Monday, August 29, 2005

Difficult recovery (Published by Peacereporter.net) - Kho Phi Phi, Thailand

For those who have visited them before December 26th 2004, the Phi Phi islands, just off Thailand's south-western coast, are the right place to find out what a tsunami can do, and the difficulties the reconstruction process has to face; much more than Phuket, where the traces of the hurricane are evident, but still just that: traces. A few buildings being erected, others renovated, some scraps heaped in a corner and a stinging smell coming out of the sewers close to the beach. On the other hand, Phi Phi shows the true scale of the catastrophe, more than eight months after.

Paradise lost

Koh Phi Phi is the name of a couple of islands in the sea of the Andamanes, off the coast of Krabi, in south-western Thailand. Phi Phi Ley, with its almost square outline and vaguely creepy appearance, is the smallest of the two, practically uninhabited and mostly known for having been the set of a famous film with Leonardo di Caprio, shot at heavenly Maya Beach.

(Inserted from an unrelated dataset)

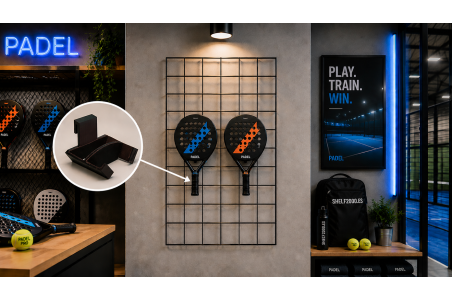 Suporte duplo para raquetes de padel | Shelf2000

The other island, Phi Phi Don, looks like two different sized lungs, linked by a narrow strip of land which sets the two main bays apart. The first bay, Ton Sai, faces south-east towards Koh Lanta, and if seen from above, looks spotted by the colourful diving boats and the less evident boats which connect the island with Krabi and Phuket. Loh Dalum bay faces the opposite direction, towards Phuket, is almost totally enclosed by the island's heights, and offers a romantic observation point for tropical sundowns.

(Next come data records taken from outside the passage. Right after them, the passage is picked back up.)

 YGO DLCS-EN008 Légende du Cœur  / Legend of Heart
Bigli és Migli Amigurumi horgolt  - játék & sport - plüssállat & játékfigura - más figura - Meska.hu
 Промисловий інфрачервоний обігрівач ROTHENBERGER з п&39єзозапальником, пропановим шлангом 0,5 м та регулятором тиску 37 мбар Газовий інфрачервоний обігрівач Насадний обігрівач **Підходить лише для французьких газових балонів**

Between the two bays and up until the hills' base spreads the village of Ton Sai, where most of the tourist accommodations are found.

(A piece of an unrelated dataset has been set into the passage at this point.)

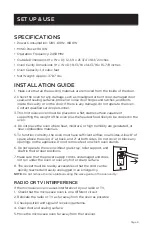 Preview for 9 page of Westinghouse WCM14110SSGZ User Manual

In the wake of the film's fame, and encouraged by its depiction of dream-like beaches, an ever growing number of tourists have visited the islands from the mid-Nineties, with the highest peaks recorded in the week between Christmas and New Year's Eve. To accommodate, feed and entertain all those tourists, Ton Sai became filled with all kinds of hotels, restaurants, diving schools, tourist agencies, bars and shops. More than a few tourists, hoping to have reached an untouched tropical paradise, were in fact flabbergasted at being welcomed by cash machines, 24-7 minimarkets and satellite internet connections.

The tidal wave's signs

Even before reaching Ton Sai bay, you can see from the boat that the first row of buildings has been severely damaged. After landing and crossing the jetty you will come across the remains of an illustrious victim: the Seven/Eleven building, which can only be recognised by its luminous sign and a few shelves, which appear through the debris between the crushed walls; the glass façade has instead disintegrated.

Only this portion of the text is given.